Sunday, September 14, 2008

"Howard Dean rallies Obama supporters in Renton"

Seattle Times:
Democratic National Committee Chairman Howard Dean told Barack Obama supporters Saturday that Washington needs a huge Obama victory to "carry" into office Democrats whose wins are less certain.
Specifically, he mentioned Gov. Christine Gregoire, who is in a tight race with Republican challenger Dino Rossi, and Democrat Darcy Burner, who is challenging U.S. Rep. Dave Reichert in the 8th Congressional District.

Dean, a 2004 presidential candidate and former governor of Vermont, gave an impassioned speech to a crowd of Democrats packed into the Renton Carpenters Hall. The crowd cheered madly as Dean told them the McCain campaign appeals to the "worst in human beings" while Obama appeals to the best.

An Obama win is almost assured in Washington state, according to polls. But Democrats hope an Obama landslide could sweep into office Democrats farther down the ballot.

Washington State Republican Party Chairman Luke Esser said Dean's visit just shows that Democrats are getting nervous.

"I'm not surprised the Democrats are growing more and more concerned about the state of Washington," he said. "I'm not surprised at all that they are realizing that their previous assumption that this would be a state that would be an automatic win for Barack Obama and that he would carry on his coattails other candidates down the ballot was misplaced."

U.S. Rep. Jay Inslee, D-Bainbridge Island, marveled at the huge crowd Saturday — at least 400 people packed wall to wall and spilling out the doors — and said the national party couldn't ignore the "energy" Obama had ignited.

But he said a high-profile speaker like Dean could help motivate volunteers to campaign for other Democratic candidates, too.

"I think it shows that Barack Obama cares about Washington in a lot of ways," he said.

A vendor hawked Obama T-shirts and ball caps on the union-hall lawn as supporters waited in line to get in.
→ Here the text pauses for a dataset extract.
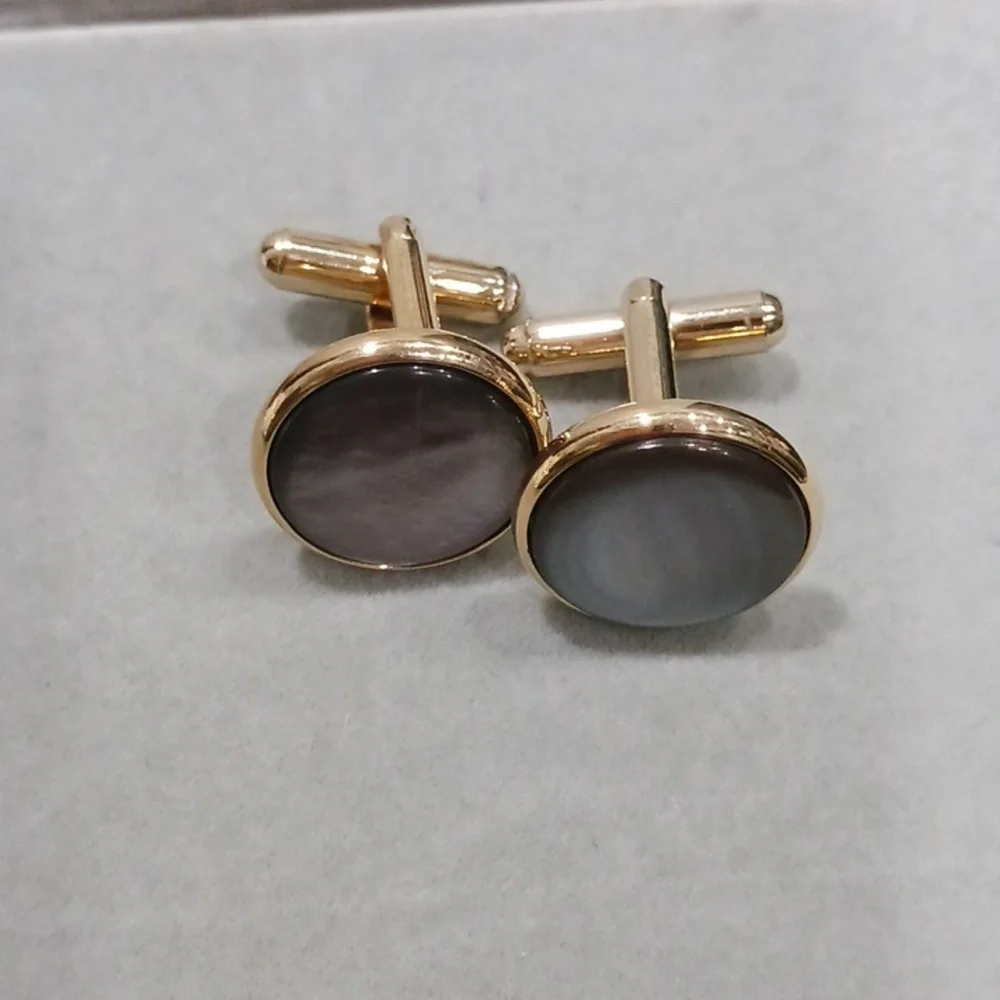 Elegant Gold and Gray Men's Cufflinks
Inside, organizers coached attendees about how to canvass their legislative districts.

Jonathan Taylor, 40, a postal manager who lives in Renton, said he hasn't volunteered for a campaign since college, when he worked on Bill Clinton's first presidential bid. But he has been spending about eight hours a week campaigning for Obama.

"I'm inspired by this campaign," he said. "Putting people first instead of country first is really the way to go."

In his speech, Dean appealed to a blue-collar crowd, a demographic underscored by striking Machinists at Boeing signing in for picket-line duty in the hall's parking lot. He criticized U.S. Sen. John McCain's role in making concessions to a European company competing with Boeing to build Air Force refueling tankers. He drew a huge cheer when he said, "John McCain is a job-killer in Washington state."

And he said Obama would cut taxes for middle-class Americans, asking, "Anybody here make more than $250,000 a year?" No one raised a hand, so he said: "then Barack Obama wants to cut your taxes."